● **Problem details**: How many of the lines in the data contain "large"? Give only the number.

● **Data**:
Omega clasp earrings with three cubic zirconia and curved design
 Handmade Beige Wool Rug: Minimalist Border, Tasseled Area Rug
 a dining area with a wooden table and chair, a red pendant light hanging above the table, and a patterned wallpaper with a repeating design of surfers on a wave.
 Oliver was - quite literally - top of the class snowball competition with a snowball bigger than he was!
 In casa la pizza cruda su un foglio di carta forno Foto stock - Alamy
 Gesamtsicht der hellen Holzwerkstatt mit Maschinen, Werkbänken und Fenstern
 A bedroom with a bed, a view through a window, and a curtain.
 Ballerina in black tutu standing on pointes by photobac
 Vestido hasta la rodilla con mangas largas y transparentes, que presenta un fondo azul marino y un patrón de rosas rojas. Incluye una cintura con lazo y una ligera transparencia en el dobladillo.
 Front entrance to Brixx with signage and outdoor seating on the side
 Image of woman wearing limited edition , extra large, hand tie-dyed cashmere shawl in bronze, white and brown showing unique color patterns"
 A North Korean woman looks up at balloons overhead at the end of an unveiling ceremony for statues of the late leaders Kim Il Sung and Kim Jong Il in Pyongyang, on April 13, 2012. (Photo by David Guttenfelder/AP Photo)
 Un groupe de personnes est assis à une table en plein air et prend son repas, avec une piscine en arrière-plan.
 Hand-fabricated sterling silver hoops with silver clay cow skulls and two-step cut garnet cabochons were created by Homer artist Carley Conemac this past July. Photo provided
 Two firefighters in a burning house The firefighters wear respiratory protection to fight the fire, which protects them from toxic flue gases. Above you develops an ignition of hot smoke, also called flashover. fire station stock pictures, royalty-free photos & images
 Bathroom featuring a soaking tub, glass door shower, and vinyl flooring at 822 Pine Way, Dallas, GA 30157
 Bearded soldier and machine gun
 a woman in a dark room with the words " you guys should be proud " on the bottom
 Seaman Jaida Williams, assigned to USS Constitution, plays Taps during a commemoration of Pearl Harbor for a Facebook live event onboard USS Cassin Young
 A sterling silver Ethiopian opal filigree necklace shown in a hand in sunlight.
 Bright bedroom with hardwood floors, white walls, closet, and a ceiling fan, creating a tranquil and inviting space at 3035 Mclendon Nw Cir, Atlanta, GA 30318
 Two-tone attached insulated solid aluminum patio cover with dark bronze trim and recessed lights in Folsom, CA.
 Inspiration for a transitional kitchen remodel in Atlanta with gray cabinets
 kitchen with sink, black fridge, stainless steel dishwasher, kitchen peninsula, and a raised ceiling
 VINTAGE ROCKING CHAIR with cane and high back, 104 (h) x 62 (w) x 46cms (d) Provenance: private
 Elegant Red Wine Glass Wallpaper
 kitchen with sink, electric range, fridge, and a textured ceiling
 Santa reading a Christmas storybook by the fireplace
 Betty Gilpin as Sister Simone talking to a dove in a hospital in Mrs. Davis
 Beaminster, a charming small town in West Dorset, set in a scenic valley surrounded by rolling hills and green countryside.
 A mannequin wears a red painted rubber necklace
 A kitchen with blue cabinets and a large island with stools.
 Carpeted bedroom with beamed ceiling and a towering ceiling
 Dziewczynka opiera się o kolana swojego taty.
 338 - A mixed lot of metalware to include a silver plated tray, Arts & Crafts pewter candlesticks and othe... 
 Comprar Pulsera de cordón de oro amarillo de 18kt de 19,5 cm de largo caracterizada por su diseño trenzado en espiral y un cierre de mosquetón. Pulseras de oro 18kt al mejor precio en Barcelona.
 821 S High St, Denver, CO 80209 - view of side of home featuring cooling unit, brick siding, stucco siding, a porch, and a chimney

● **Task response**: 2